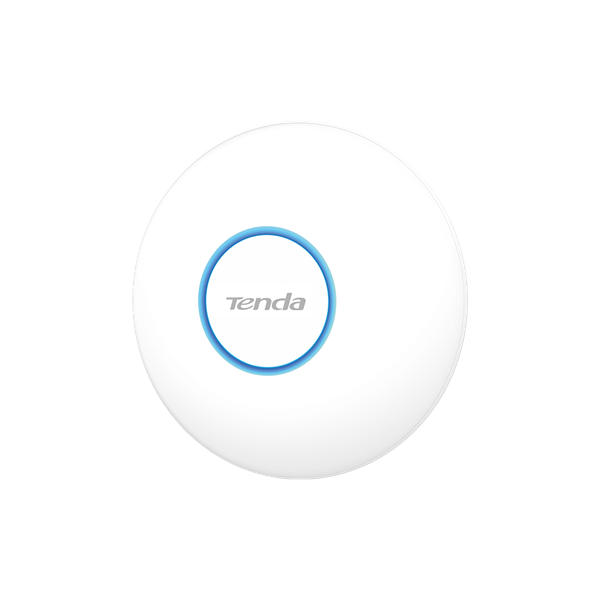 Tenda Access Point WiFi AX1500 - i26 (300Mbps 2,4GHz + 1201Mbps 5GHz; 1Gbps; 802.3af PoE)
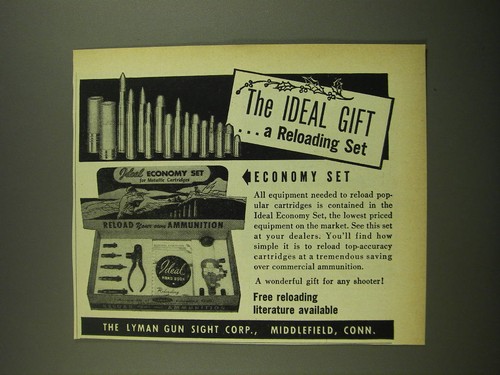 1952 lyman ideal - 1952, set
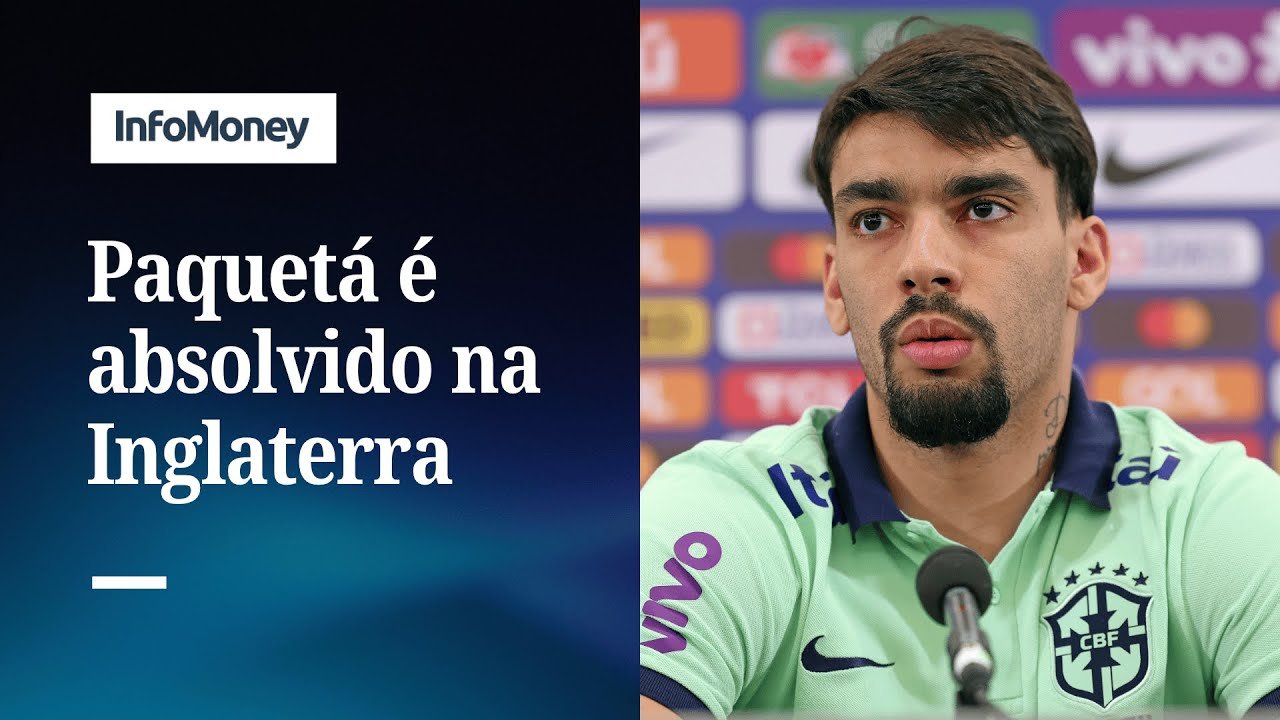 Paquetá é absolvido da manipulação de resultados na Inglaterra | InfoMoney News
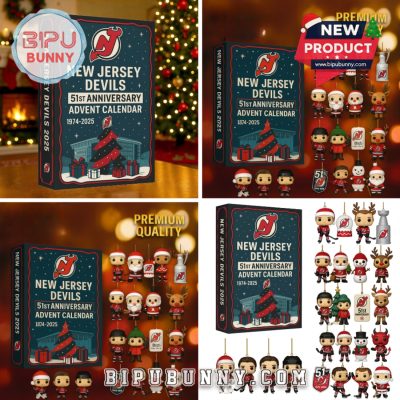 New Jersey Devils 51st Anniversary Advent Calendar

**ACTION ITEM**
Please output all of the data exactly as given, omitting any images it holds.

**SOLUTION TO THE EXERCISE**
 Tenda Access Point WiFi AX1500 - i26 (300Mbps 2,4GHz + 1201Mbps 5GHz; 1Gbps; 802.3af PoE)
 1952 lyman ideal - 1952, set
 Paquetá é absolvido da manipulação de resultados na Inglaterra | InfoMoney News
 New Jersey Devils 51st Anniversary Advent Calendar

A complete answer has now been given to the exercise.